The actual reason for Turkey's attacks is that Turkey is out of the political equation in Syria and attempts to become a player in the region by attacking Rojava.

The majority of the opposition forces in the region are loyal to Jabhat Al-Nusra, and all of these groups have been under the protection of Turkey. These groups are proxies with no political program, which is why they ran away after recent Russian bombardments. This situation enabled the recent advances of the Syrian regime.

What is the QSD policy on this issue?

The QSD has been trying to prevent the advance of regime forces by capturing the areas evacuated by jihadis. Turkey has been upset at this QSD stance and increased its attacks on Rojava. With its attacks, Turkey is trying to tell the international community that it is influential in this region and should be taken seriously.

Turkey blamed the Syrian Kurdish-led Peoples Protection Units (YPG) – the largest component of the QSD – for the February 17 attack against a military convoy in the Turkish capital, Ankara. What was Turkey's goal here?

By blaming the YPG for the attacks, Turkey wanted to portray the YPG as a terrorist organisation and create the grounds for the attack it wants to carry out against Rojava. With this accusation, Turkey also wanted to stop the international support to and the military coordination with the QSD.

Turkey tried to link the attack to the YPG and argued that the attacker was from Amude, but this attempt failed. Turkish officials met with the representatives of international powers right after the attack but their claims were not bought. Turkey's claims are false because YPG never targeted Turkey even during the attacks and bombardments targeting Kobanê. YPG is relatively more comfortable now, and does not have a strategy of attacking Turkey.
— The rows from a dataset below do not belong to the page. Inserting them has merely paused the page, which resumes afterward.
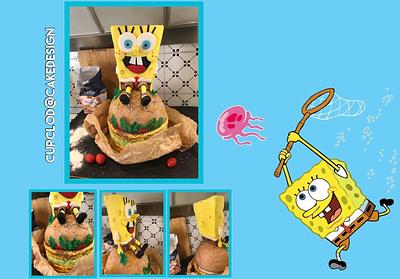 Spongebob Burger Cake x Nicoló  - Cake by CupClod Cake Design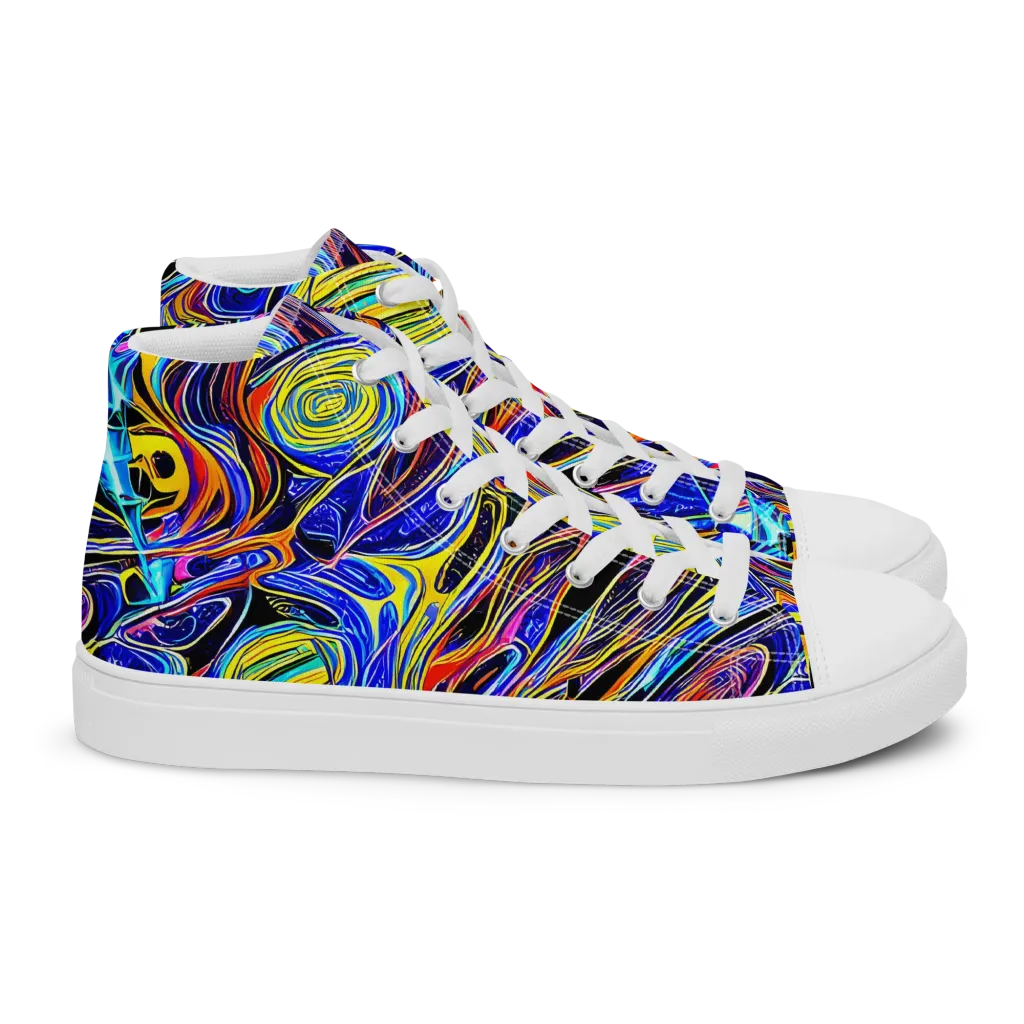 Sonic Saffron on Women's High Top Canvas Shoes — Right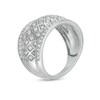 Thumbnail Image 3 of 3/4 CT. T.W. Diamond Edge Wide Lattice Band in 10K White Gold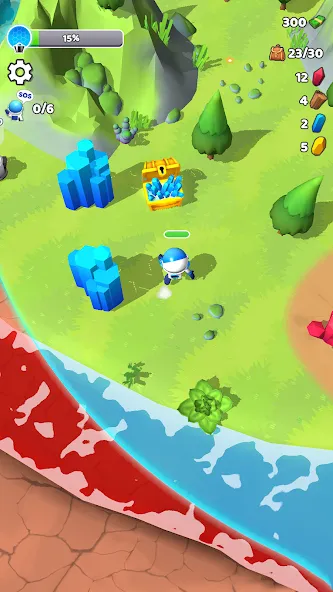 Life Bubble - My Little Planet Mod APK Много денег и кристаллов — Скачать на Андроид — скриншот 1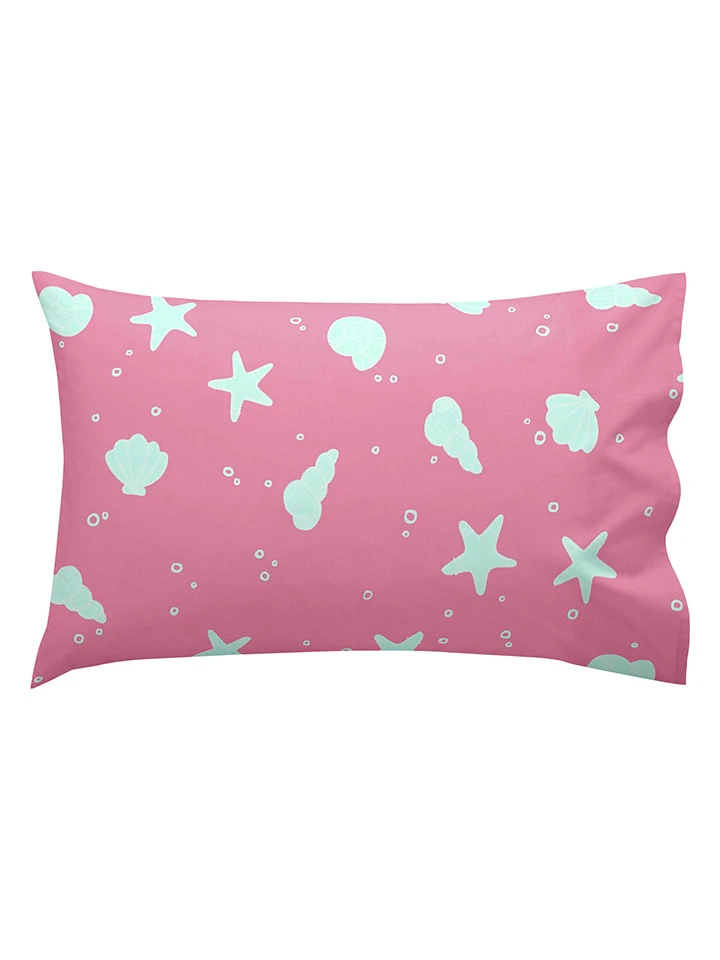 Bettwäsche-Set "Happy Mermaid" In Dunkelblau/ Pink 4 Bettwäsche-Set "Happy Mermaid" In Dunkelblau/ Pink – Bild 2
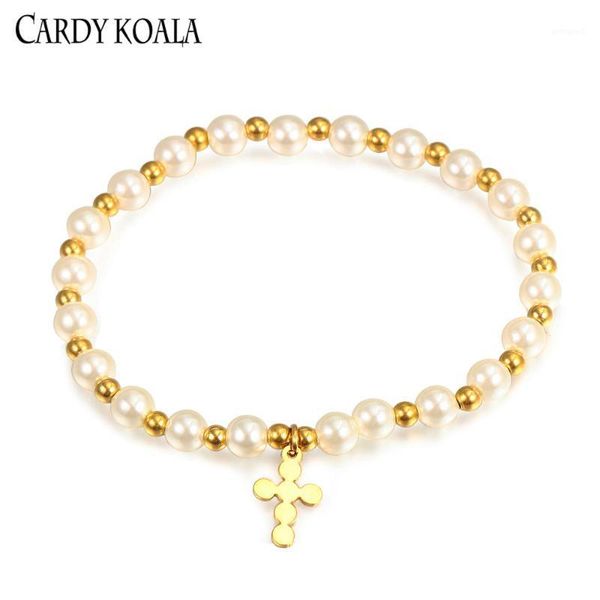 charm bracelets ins stainless steel gold color mini pearl round beaded cross bracelet for women1, Golden;silver
charm bracelets ins stainless steel gold color mini pearl round beaded cross bracelet for women1, Golden;silver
YPG'S main strategy is defeating ISIS and realizing a democratic change in Syria. Turkey's false accusations did not convince anyone.

Why does Turkey attach this much importance to Azaz, or is the main thing really about Azaz?
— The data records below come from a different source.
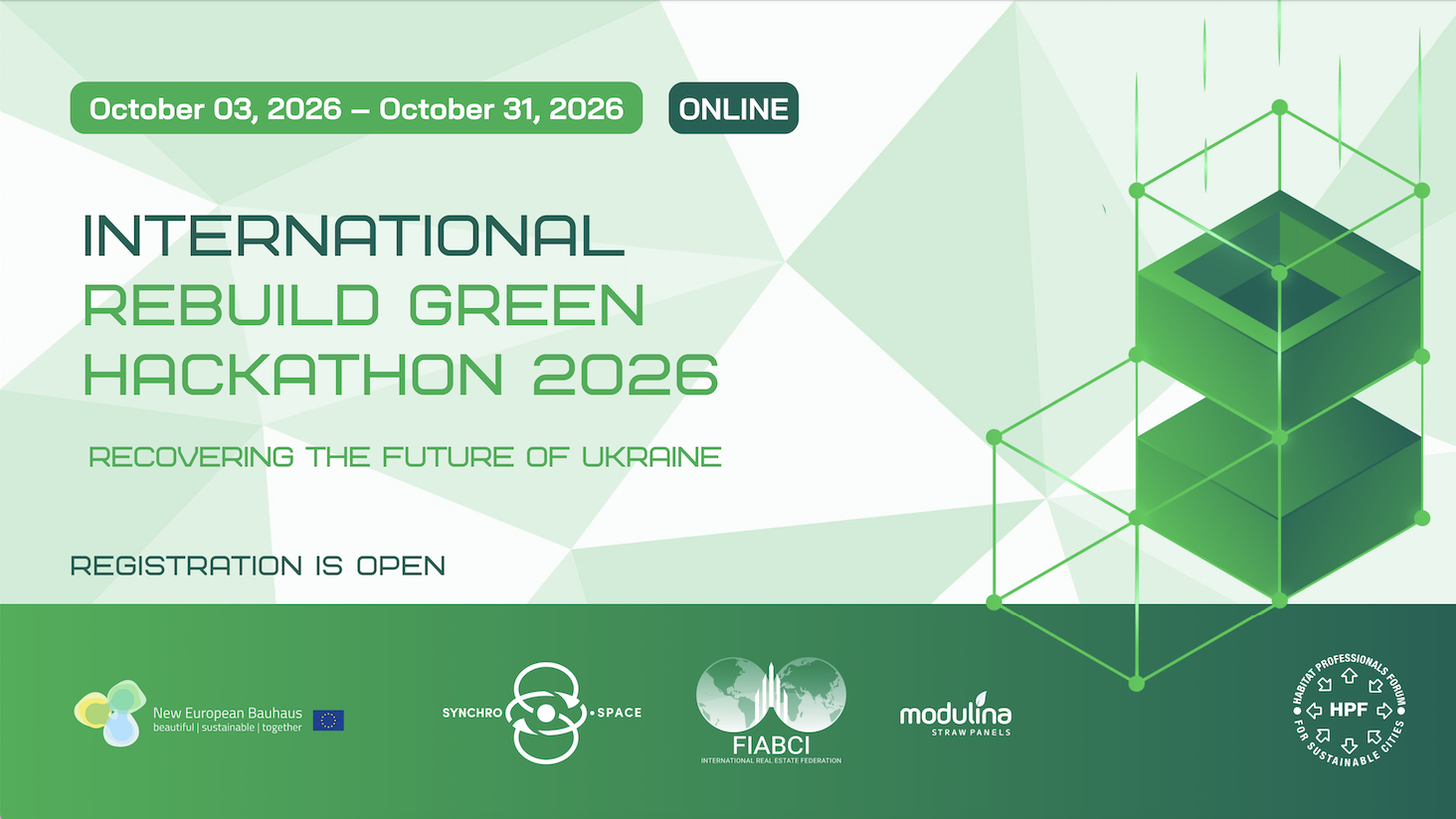 Rebuild Green Hackathon 2026: registration open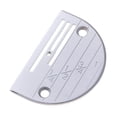 thumbnail image 1 of Placa de Metal de Alimentación Tipo B para La Máquina de Coser B22 de Aguja única 2 piezas, 1 of 8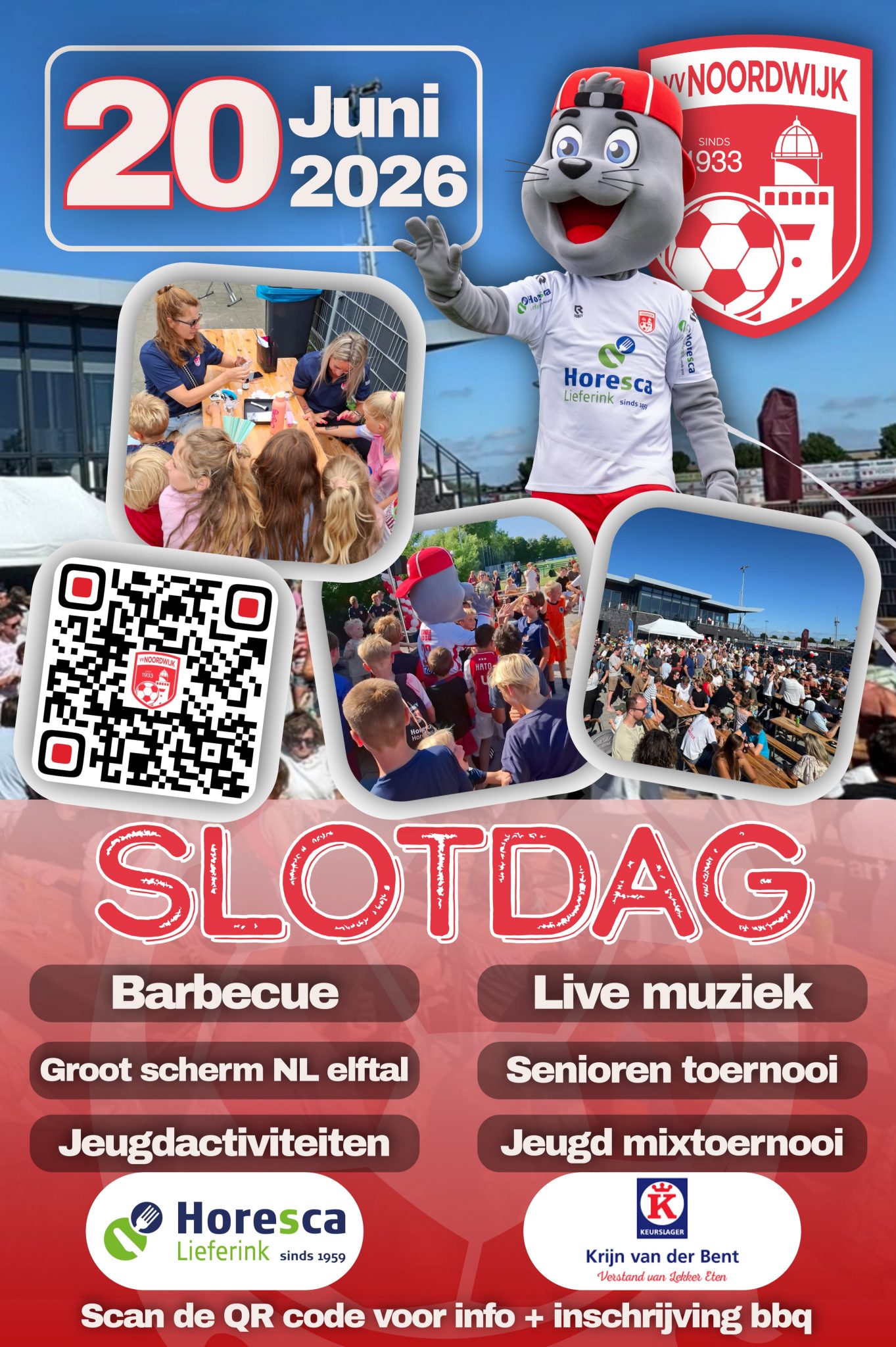 Slotdag op zaterdag 20 juni 2026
Turkey wants to control the Azaz gate because it dispatches arms to the gangs through that border crossing. Turkey is disturbed over the closure of the road between Azaz and Aleppo because it was the area from which Turkey would spread its policy; through that border crossing and Aleppo to the entire Syrian territory. After the closure of this road, Turkey got stuck and therefore started to bring Azaz into question. Apart from this policy, Azaz means nothing to Turkey.
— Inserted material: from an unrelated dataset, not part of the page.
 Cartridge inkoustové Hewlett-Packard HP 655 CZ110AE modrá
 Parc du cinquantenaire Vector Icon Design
Yet, it must be known very well that QSD will be fighting the ISIS terror everywhere it exists. The areas where QSD have made advances so far are those held by Al-Nusra which is listed among the terrorist organisations. Nobody can question our progress in this territory. Those not acting with Al-Nusra in these areas are joining the ranks of the QSD and defending themselves. Our goal is to unite the forces acting separately from Al-Nusra and wage a harsh struggle against both ISIS and Al-Nusra.

What will your response be in the event that Turkey continues its aggression on Rojava?

We do not believe Turkey can resume this policy because of the fact that Turkey is suffering heavy and unresolved problems within its own borders. As a matter of fact, Turkey makes such a noise in an effort to hide its internal situation from the world.

The Turkish state is committing a massacre against the civilian people in Amed, Sur, Nusaybin, Cizre, Silopi and many other areas, and this state of affairs is already on the world agenda. Turkey is receiving criticism in this regard, because of which it wants to catch the attention on Rojava in order to hide its own failures.

Turkey has to stop its attacks and abandon this approach towards Rojava. It has no right to bomb Efrîn or Til Rifat where there are civilians. These acts do not serve Turkey's interests anyway. Turkey must be convinced that it cannot bomb its neighbors whenever it wants. This is a different region, a different border and a different land with credit. Turkey must respect the international rules. The United Nations has called upon Turkey to obey these rules. In this regard, our policy is not focused on scaling up this issue. We are acting otherwise.

We have not declared a war against Turkey so far, nor will we adopt such a stand but Turkey must stop its bombardments. Our patience has limits.